The algorithm is simple geometry:
- Locate the iris center (landmark 468 for left eye, 473 for right).
- Map it to
[-1, 1]inside the eye's bounding box (outer/inner corners + top/bottom lids). - Average both eyes.
- Subtract a scaled version of head yaw/pitch to remove head-pose contamination.
- Apply a One Euro filter for low-lag smoothing.
Browser usage
import { GazeDetector } from "@framefind/core";
const detector = new GazeDetector({});
await detector.load();
// on each frame:
const result = detector.detectFromVideo(videoEl);
console.log(result.x, result.y, result.region);
// when done:
detector.dispose();detectFromVideo is synchronous — it returns the latest gaze immediately, no canvas needed.
Node.js
GazeDetectorNode does not run MediaPipe itself — it takes landmarks you already produced (e.g. via @tensorflow-models/face-landmarks-detection with refineLandmarks: true, which yields the 478-point iris-augmented set).

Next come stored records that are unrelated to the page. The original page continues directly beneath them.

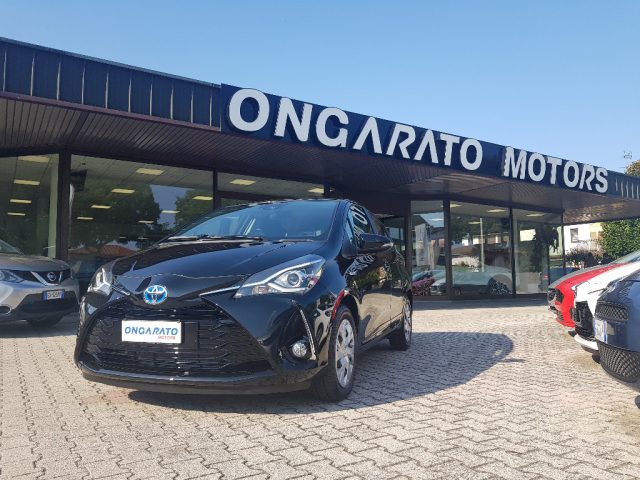 toyota yaris 1.5 hybrid 5 porte active #telecamera #tss anno 2019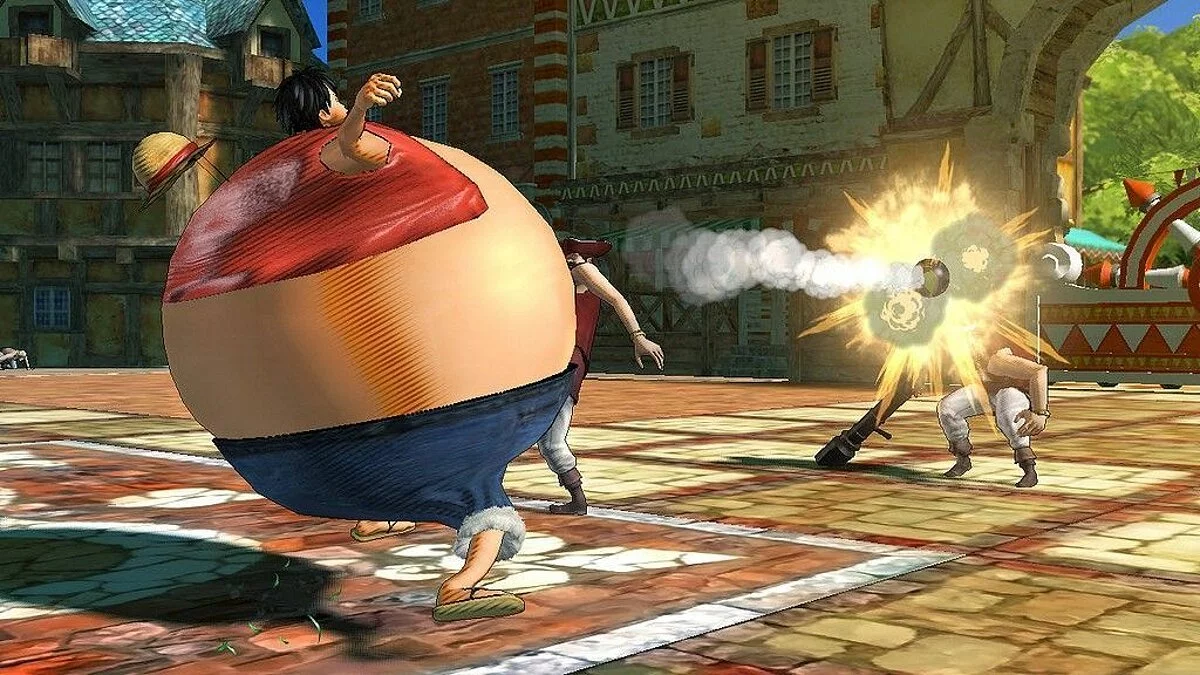 Скриншоты из One Piece: Pirate Warriors (One Piece: Kaizoku Musou) / Картинка 173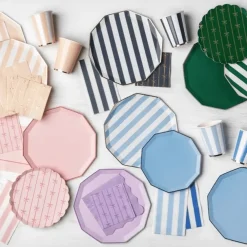 Sale Bonjour Fete Le Lilac Signature Bow Small Napkins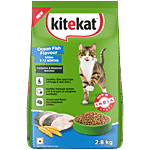 Kitekat Kitten Dry Cat Food - Ocean Fish Flavour 2.8 kg Pouch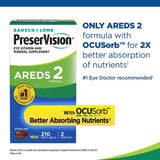 Preservision AREDS 2 Formula Eye Vitamin Softgels, 210 Ct.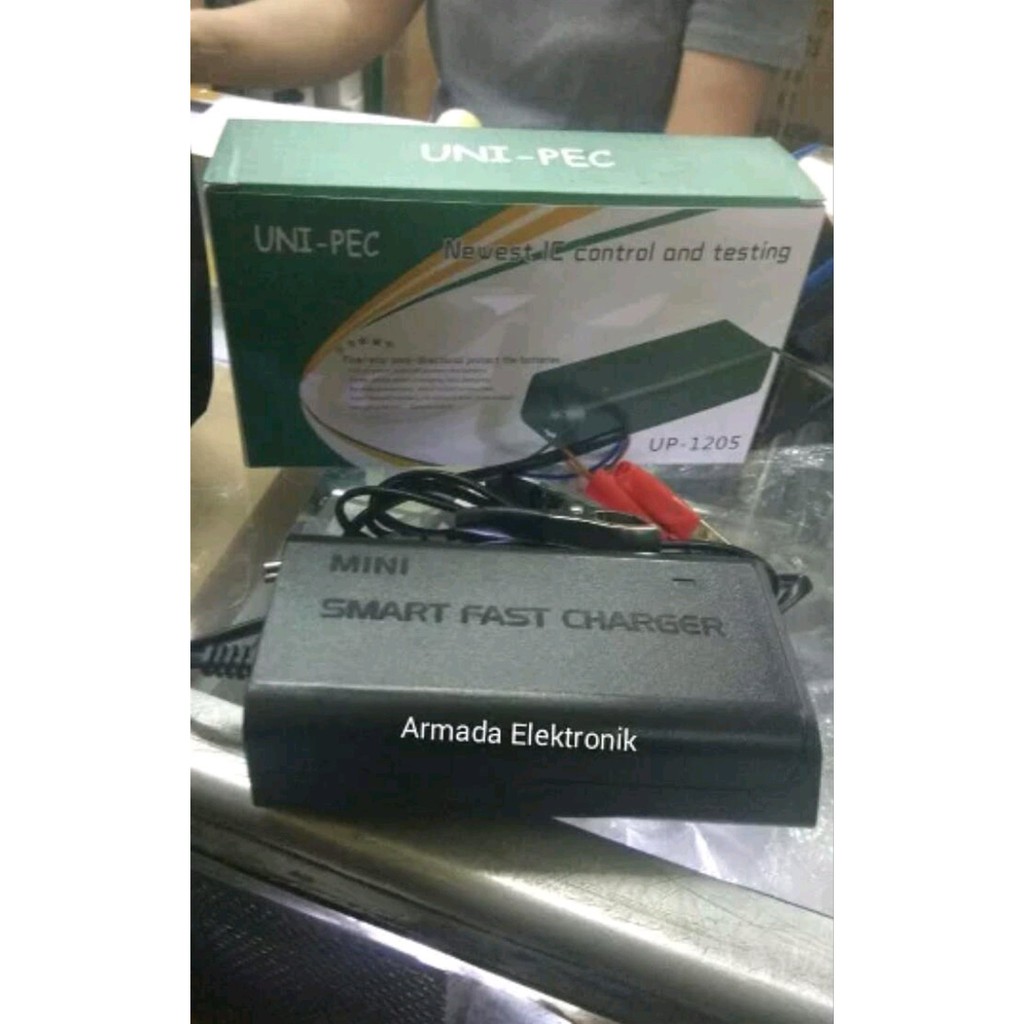 Charger Aki Cas Aki Otomatis 12V 5A Otomatis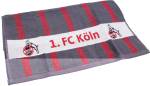 1. FC Köln Duschtuch gestreift 70x140cm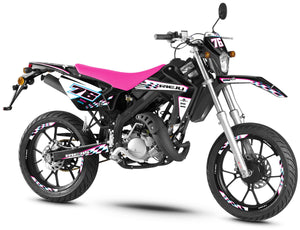 Kit déco Rieju MRT 50cc 2009-2021 Army Punch | autocollants moto | personnalisation 50cc | armysctv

import { GazeDetectorNode } from "@framefind/core/node";
const gaze = new GazeDetectorNode({});
const result = gaze.detectFromLandmarks(landmarks, yawDeg, pitchDeg);
console.log(result.region, result.screen);If you don't have head-pose angles, pass 0, 0 — the result will simply not be head-compensated.
Options
new GazeDetector({
// Face landmarker assets.
faceLandmarkerModelUrl: "...",
mediapipeWasmPath: "...",
minFaceDetectionConfidence: 0.5,
minFacePresenceConfidence: 0.5,
minTrackingConfidence: 0.5,
// Multipliers applied to head yaw/pitch (in degrees) before subtracting from gaze.

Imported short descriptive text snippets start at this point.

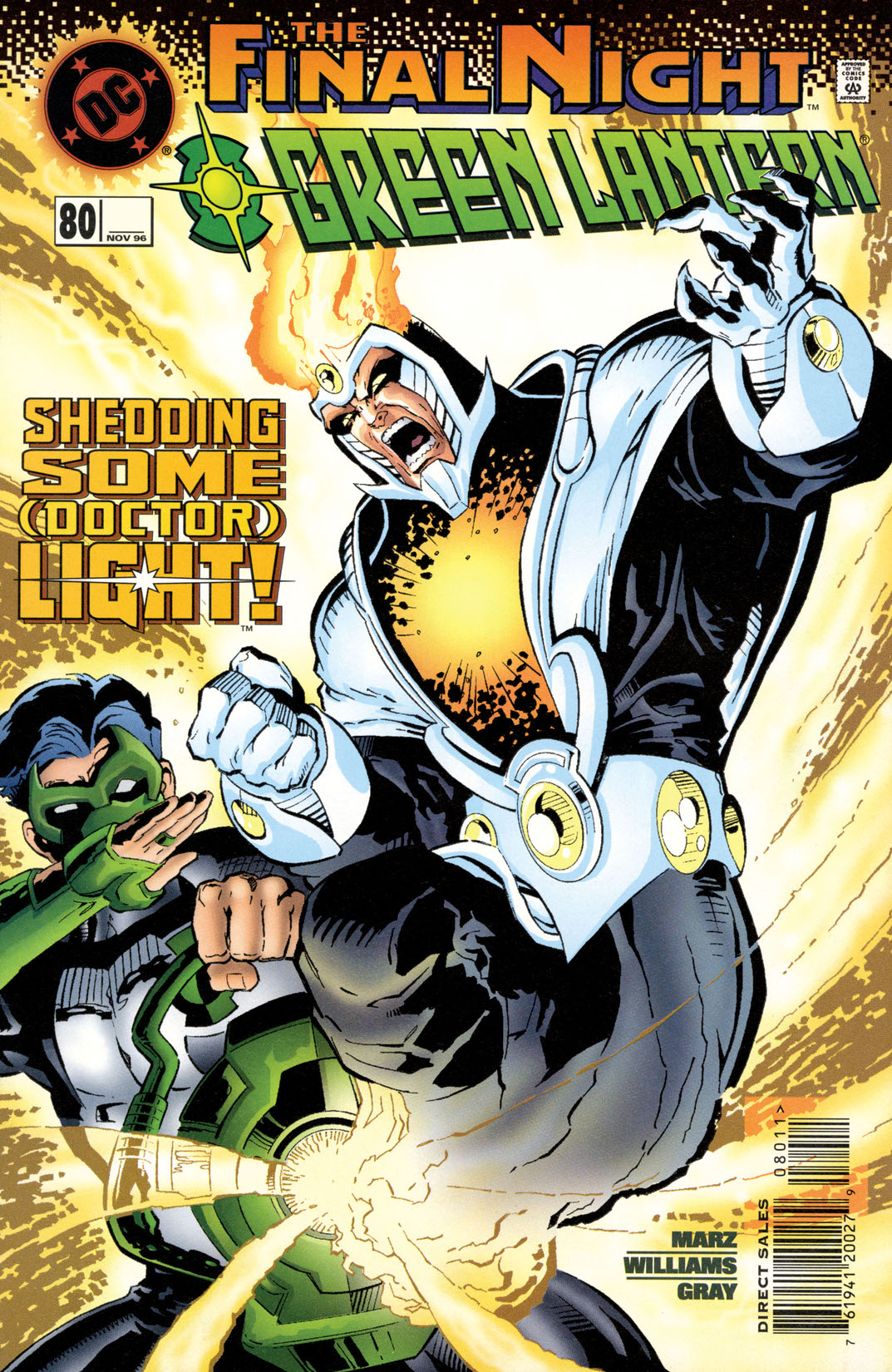 Green Lantern (1990-) #80 preview images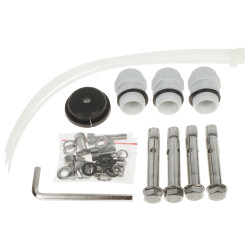 Supporto a parete scatola di montaggio per telecamere Speed Dome guida DIN spazio per alimentatore e batteria DAHUA PFA6400S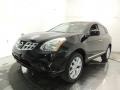 2011 Wicked Black Nissan Rogue SL AWD  photo #1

// Tune these on your camera setup — typical values 0.008 – 0.02.
yawCompensation: 0.012,
pitchCompensation: 0.012,
// Half-width of the central "center" region. Default: 0.18
deadzone: 0.18,
// Flip gaze horizontally — set true for mirrored selfie cameras. Default: true.
mirrorX: true,
// Flip gaze vertically. Default: false.
mirrorY: false,
// Smoothing. Default: One Euro.
smoothing: { type: "oneEuro" },
// Prefer GPU delegate. Default: true, falls back to CPU.
preferGpu: true,
// Minimum ms between inferences in a frame loop. Default: 0.
inferenceIntervalMs: 0,
});Result type
type GazeRegion =
| "top-left" | "top" | "top-right"
| "left" | "center" | "right"
| "bottom-left" | "bottom" | "bottom-right";
type GazeResult = {
x: number;
y: number;
region: GazeRegion;
rawX: number;
rawY: number;
screen: { x: number; y: number };
faceDetected: boolean;
};x and y are the head-compensated, smoothed gaze in [-1, 1]. rawX/rawY are the unfiltered iris-in-eye ratio if you want to apply your own compensation. screen maps (x, y) linearly to [0, 1] so it can be used as a normalized cursor position.
Calibration
The detector ships with a per-user affine calibrator. After 5–9 samples it fits a 2×3 transform that maps the head-compensated raw gaze directly to screen coordinates in [0, 1].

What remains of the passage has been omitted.